Dans les zones indemnes, le risque d’introduction le plus élevé est « lié aux mouvements d’hôtes définitifs en période pré-patente ou patente d’infection ». Du fait des voyages de leurs propriétaires, « il est inévitable que des chiens infectés entrent dans des pays indemnes » ; toutefois les conditions de l’établissement de l’infection sont multiples. En l’état, il n’y a qu’un pays pour lequel ces données sont disponibles : c’est Malte, qui, n’ayant ni population autochtone de canidés sauvages, ni espèce d’hôte intermédiaire efficace, est considérée comme pays où « l’établissement du cycle de l’EM est proche d’être impossible ». Ce pays « n’a pas besoin de mettre en place une surveillance des chiens pour démontrer son statut indemne ». L’EFSA laisse le pays libre d’obliger à traiter les chiens introduits sur son territoire, puisqu’il ne s’agit alors ‘que’ de prévenir les cas humains liés au contact direct avec les déjections de l’animal.

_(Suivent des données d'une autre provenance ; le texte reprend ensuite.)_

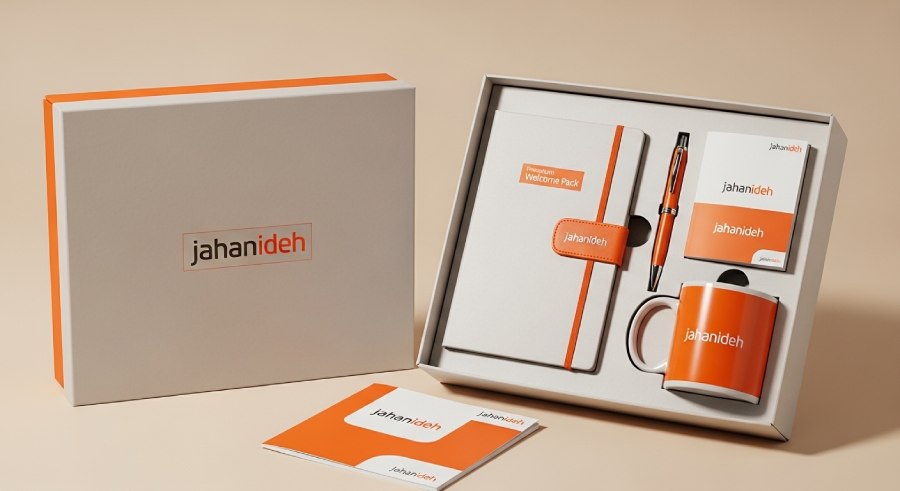 ایده هدیه خوش آمد گویی سازمانی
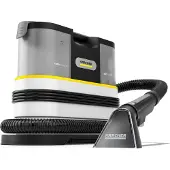 Kärcher SE 2 Spot, Handgeführt, Teppich, Polsterung, 1,5 l, 0,8 l, 450 W, Schwarz, Grau, Weiß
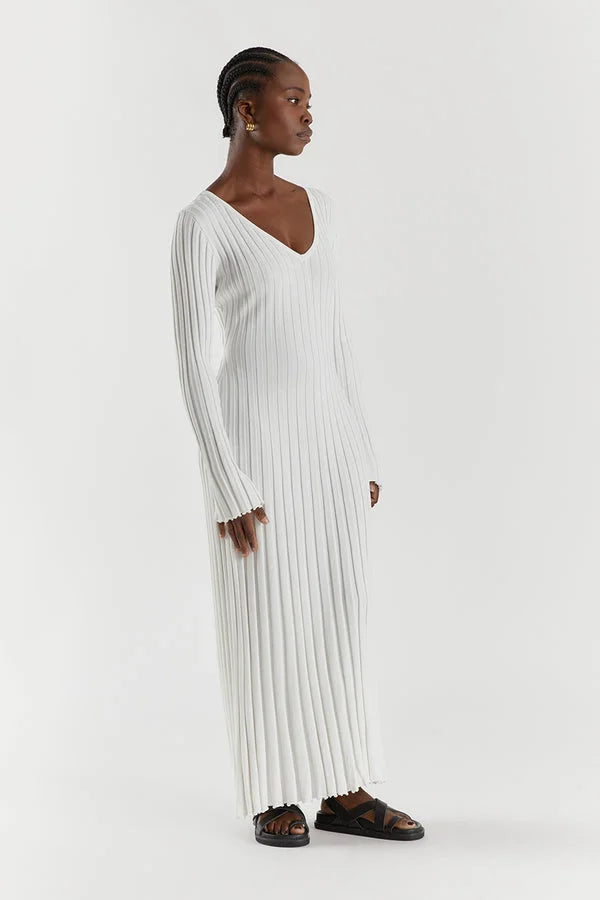 Darla | Vestido de canalé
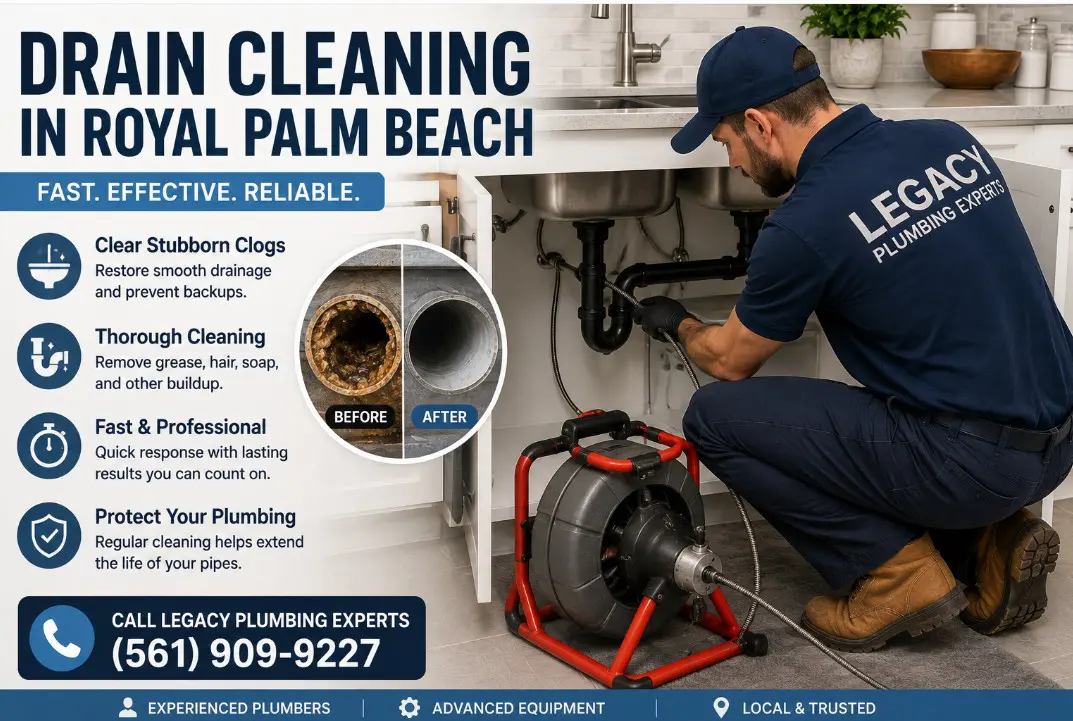 Reliable Solutions for Clogged and Slow Drains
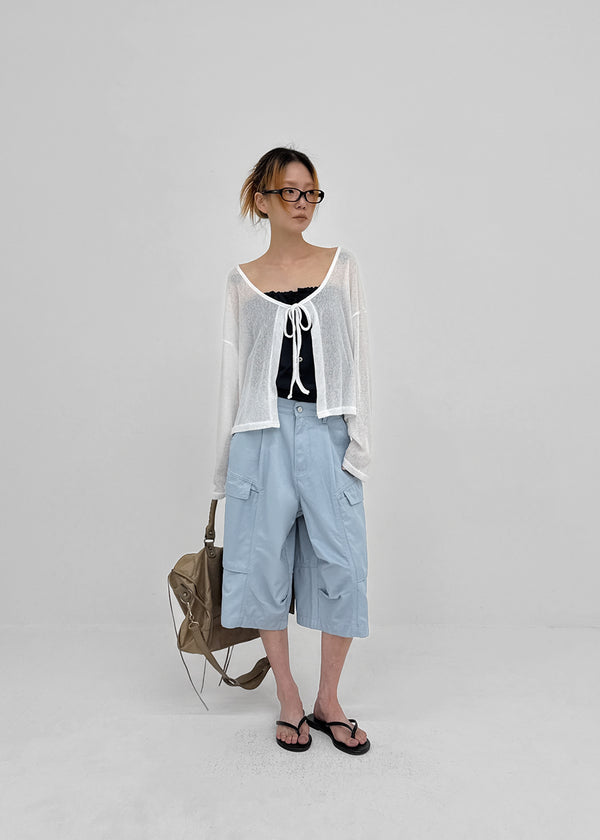 Paradox Button Tube Top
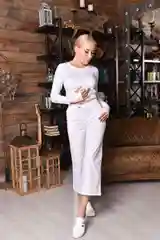Медицинские брюки-кюлоты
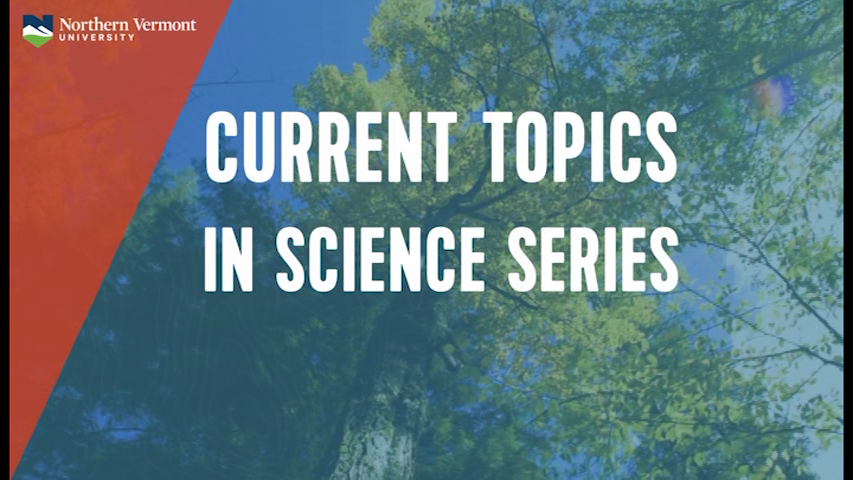 Thumbnail image for Current Topics in Science Series - Andy Vermilyea, PhD, Influence of Glaciated Watersheds Southeast Alaska on Water Quality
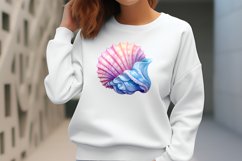 Under The Sea Clipart, Watercolor Clipart Product Image 1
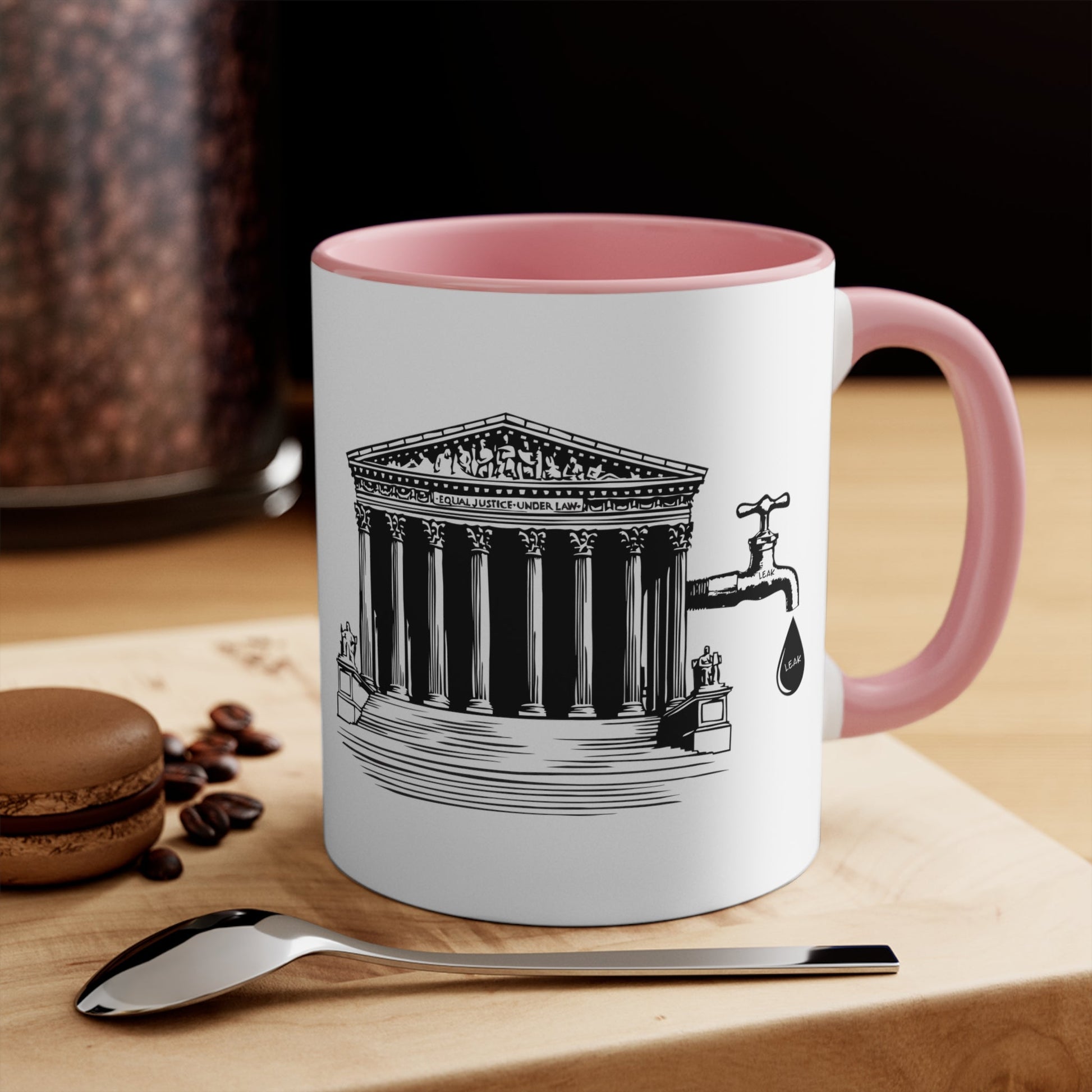 SCOTUS LEAK Mug (2 sizes, 3 colors) - PatriotDepot.com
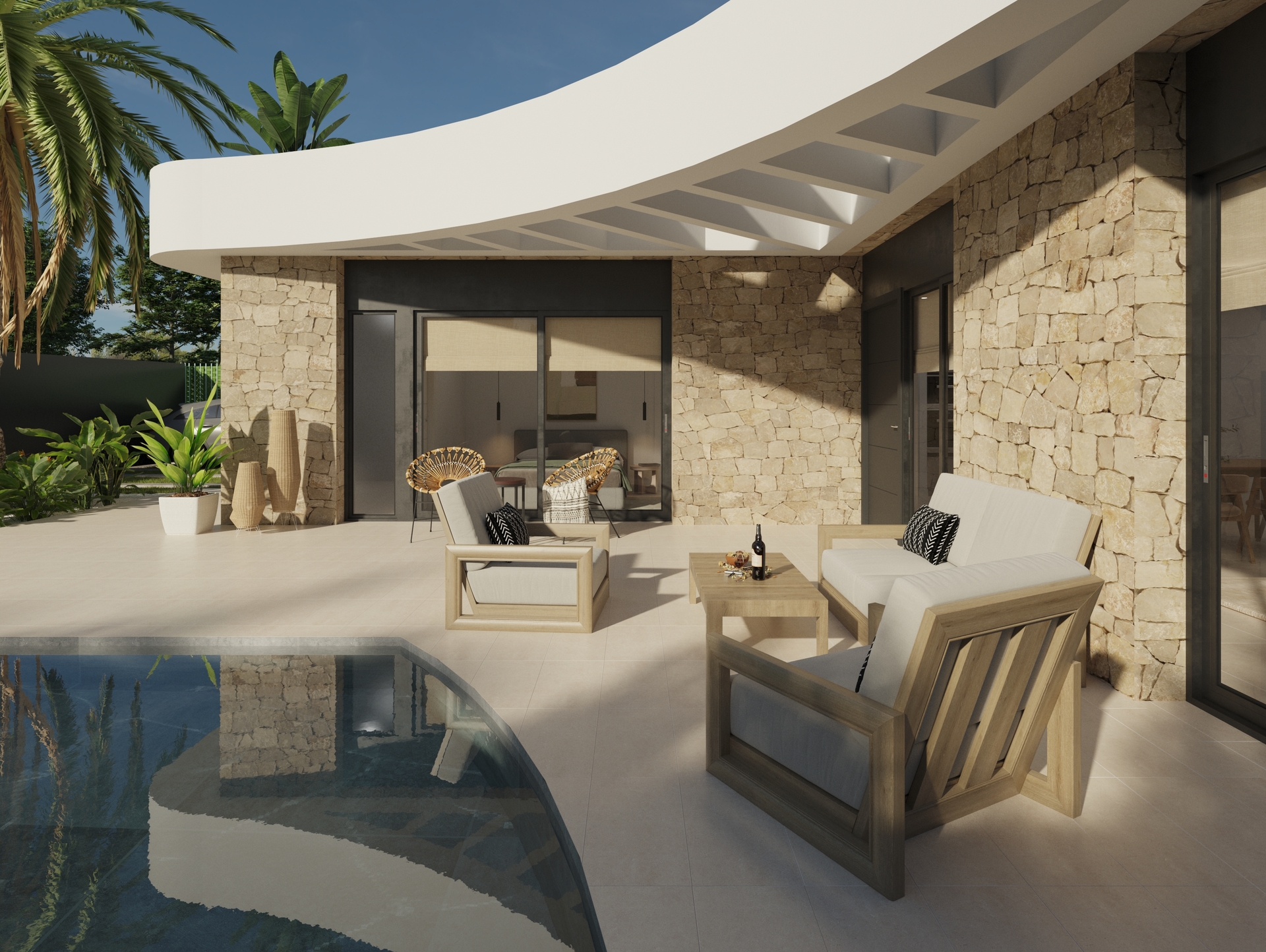 For sale - 3 Bedroom 2 Bathroom detached in Los Montesinos - Los Montesinos  - Alicante
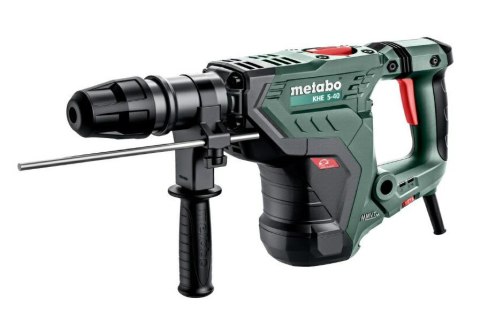 METABO MŁOT WIERCĄCO-KUJĄCY SDS-MAX 1100W 8,5J 7,1kg MVT KHE 5-40 METABO MŁOT WIERCĄCO-KUJĄCY SDS-MAX 1100W 8,5J 7,1kg MVT KHE 5-40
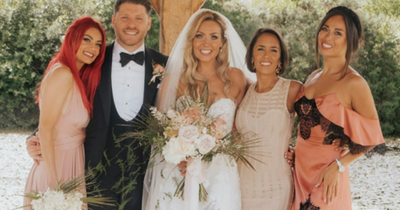 BBC Strictly Come Dancing star Amy Dowden's fairytale wedding to long-term partner Ben Jones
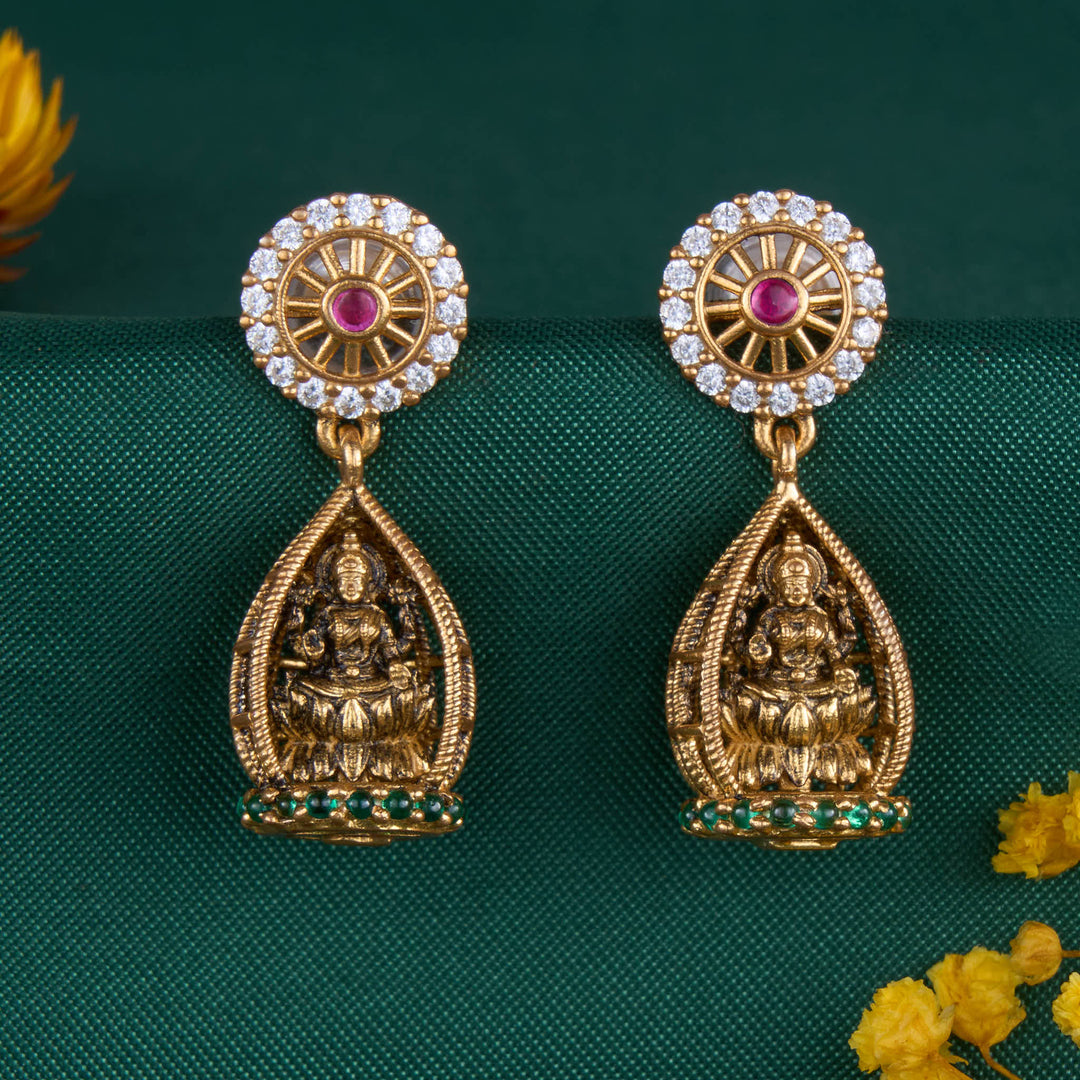 Vanya Nagas Jhumkas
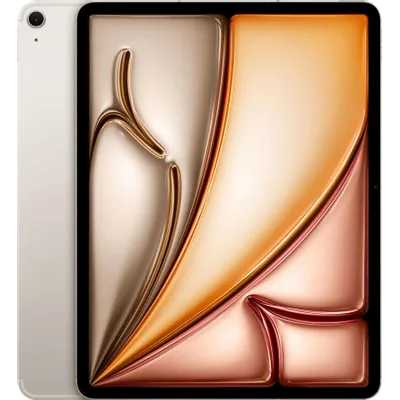 планшет Apple iPad Air 2024 13 Wi-Fi+Cellular 256GB Starlight MV6X3LL/A Сияющая звезда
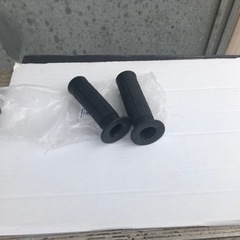 未使用品　バイク部品　グリップの画像
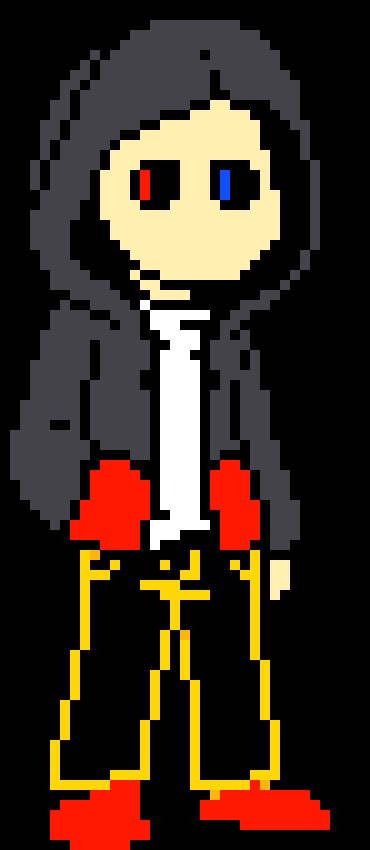 [c8bb2d] the pants and shoes are fucked up and i suck at hair and faces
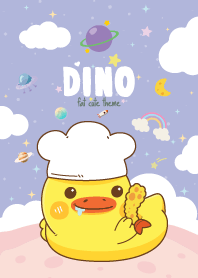Rubber Duck Kawaii Galaxy Violet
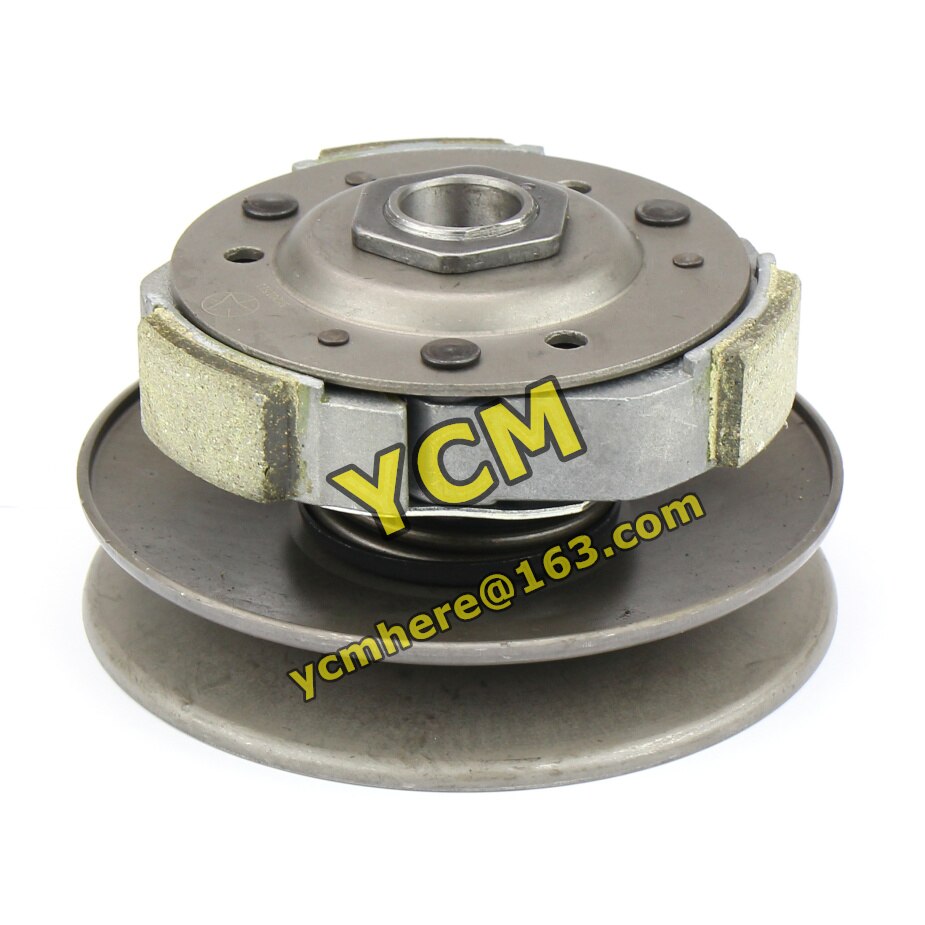 Clutch Pulley Assy Driven Wheel Pulley GY6 125 150cc Clutch Assembly Scooter Engine parts 152MI 157QMJ Mope YCM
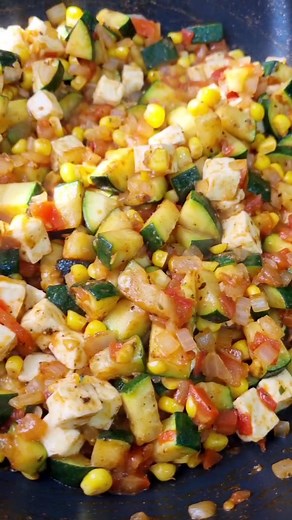 Delicious Mexican-Style Calabacitas Recipe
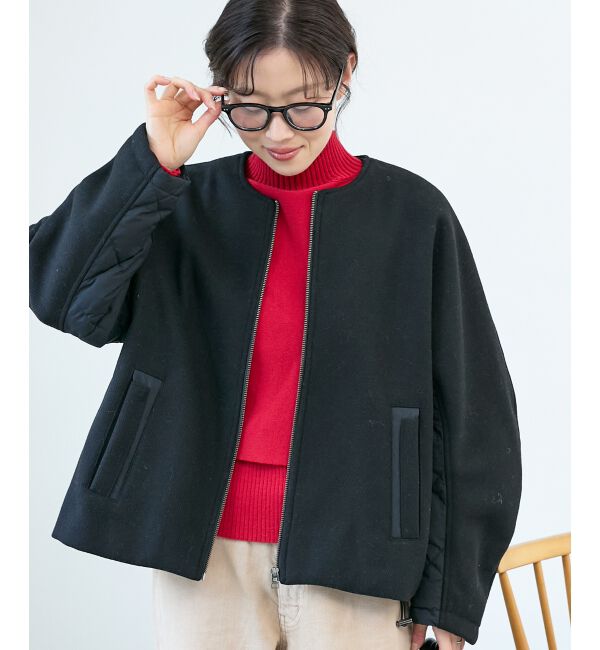  「ウール&times;ダウンキリカエジャケット」|その他|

Passer de 120 à 24 h avant l’introduction

De fait, depuis le 1er janvier 2012, la réglementation européenne établit qu’afin de prévenir tout risque d’introduction d’E. multilocularis dans les zones indemnes, un traitement au praziquantel ou substance pharmacologique équivalente soit appliqué sur une période de 24 à 120 heures avant l’entrée dans le pays. Or de nouveaux travaux sont mis en avant dans le rapport, qui indiquent que, si le traitement est réalisé plus de 24 h avant cette introduction, « il y a un risque de réinfection avant le départ » de la zone indemne. Les experts européens recommandent donc de réduire la période pendant laquelle le traitement sera fait (la veille de l’introduction et non plus jusque 120 h avant). À l’inverse, pour les chiens quittant une zone indemne, si la durée passée en zone d’enzootie est courte, il sera avantageux de reporter leur traitement à leur retour. Sinon, ils seront traités dans les 24 h précédant la ré-introduction. Quant aux déplacements directs entre les pays indemnes, il n’y a pas d’obligation de traitement.

Praziquantel

Pour « le traitement des hôtes définitifs, le praziquantel est l’anthelminthique le plus utilisé et le plus efficace », souligne le rapport, du fait de son activité sur les stades matures et immatures dnas l'intestin des chiens. La « posologie minimale recommandée est de 5 mg/kg de poids vif pour une administration orale unique, et de 5,7 mg/kg PV pour une injection unique par voie intramusculaire ou sous-cutanée ». Pour être valide, ce traitement doit être mentionné par un vétérinaire sur le passeport de l’animal ou le certificat sanitaire. Le rapport cite aussi l'epsiprantel, disponible dans certains États membres, qui n'est qu'adulticide, et dont « la posologie minimale recommandée est de 5,5 mg/kg de poids vif pour une administration orale unique ».

Des milliards d’euros

La situation actuelle, chez l’Homme, est contrastée : l’augmentation du nombre de cas en Lituanie et Lettonie est interprétée par l’EFSA comme le reflet du démarrage de la surveillance. En revanche, « l’incidence de l’échinococcose alvéolaire humaine est en augmentation dans certains pays d’enzootie, comme la Suisse, la France, la Pologne et l’Autriche ». Au point que, « si la détection précoce [de ces cas humains] ne devient pas plus efficace, les systèmes de santé européens  pourraient avoir à faire face à des coûts de l’ordre de milliards d’Euros pour la prise en charge du nombre de patients attendus sur les deux prochaines décennies ». Les experts européens appellent à rendre l’EA à déclaration obligatoire dans tous les États membres (ce n’est pas le cas en France, par exemple, où il est estimé qu’il y a 21 cas par an).